Toilet star rating = 3 star
We took a "No Shopping" tour to see the Great Wall at Mutianyu, about an hour or so north of the capital. The tour went straight to the wall, allowed us about two and a half hours to explore, stopped for a buffet lunch and then visited the Ming Tombs on the way home.
This was our first experience of Chinese driving so I should probably explain the road rules. In China they drive on the right hand side of the road. Or in the middle. Or on the left. Okay, so they aren't actually road 'rules' per se. People just seem to drive wherever they can see a space. Within the city there is a bus and bike lane that runs alongside the footpath that is supposed to be reserved for buses, motorbikes and bicycles, but it seems like everyone uses it, driving both with and against the flow of traffic. And if things get a little congested, the bikes, scooters and and motor tri-shaws have no hesitation to jumping the curb and riding on the footpath.
So the drive to the Wall was a real eye opener, as in wide-open in terror kind of way. Our bus driver liked the middle of the road especially, swerving back into the right lane whenever an oncoming bus or truck forced him to. Pedestrians too are a constant danger on the road. Out in the country the roadway is pretty much just an extra wide path and people wander across the road and stop in the middle to talk without looking out for traffic. Country people also use the road to dry their produce - corn especially - and to prevent damage to their crops, they place rocks in the road to force the drivers around them. Drivers have to be extremely cautious.

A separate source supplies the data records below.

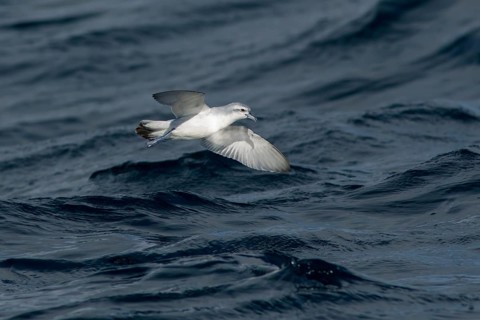 Fairy Prion (Pachyptila turtur) flying, Victoria, Australia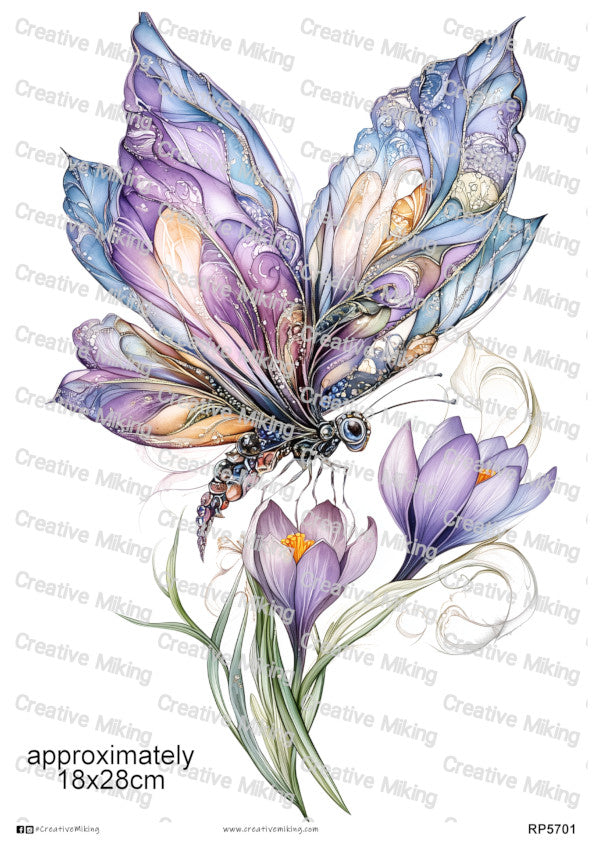 Butterflies & Moths
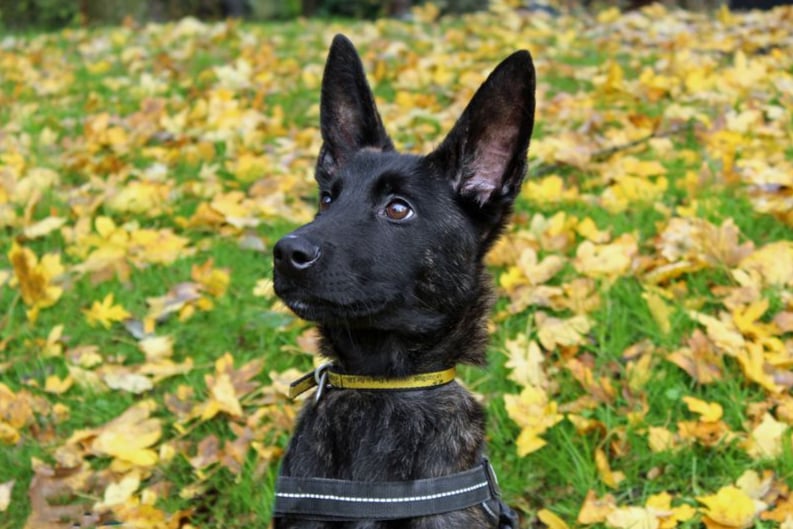 Dublin is a six month old Dutch Herder. She is a very bright girl would suit someone who is looking to work with her. She’s not going to be a dog that can be left to entertain herself, she’s a working breed and needs to be kept mentally and physically stimulated.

But we arrived safe and sound at our destination. All in all it wasn't too busy at Mutianyu. We took a cable car up to the top and set off walking. The wall itself is an amazing feat of engineering. It runs along the spine of a mountain range that used to separate the Chinese and Mongol kingdoms. It must have involved hundreds of thousands of workers, labouring endlessly to quarry the stone and transport it up the steep mountainsides. The Wall was originally started by the emperor QuiShing, the imaginatively titled First Emperor (he decreed that every subsequent emperor was to named in numerical sequence only - no names or titles. It didn't catch on) as one of his monumental state building exercises. He also built the Tomb of the Terracotta Warriors so more about him later. The Great Wall isn't really one wall, but a sequence of walls built at different times and for different reasons and then linked up later.
Some of the sections of the wall were extremely steep, almost like stairs. The last section was too steep for me with my fear of heights but Shelly continued on while I waited at the bottom like a little girl. Some of our group went down via a tobogan run but we took the chair lift.
After the Wall we visited the Ming Tombs situated in a valley some kilometres away from Beijing. The emperor Yongle, who moved the capital from Nanjing to Beijing in the 15th century built his tomb out here and there are some 13 tombs in the valley, Only one has ever been excavated and that was the one we visited. Inside it was like a concrete bomb shelter and not very exciting. We could safely have skipped this excursion.
That night we chilled around the bars at Beipan Lake, just north of the Forbidden City before we picked up our bags at the hostel and headed to the train station. We had booked a hard sleeper berth on the train to Datong.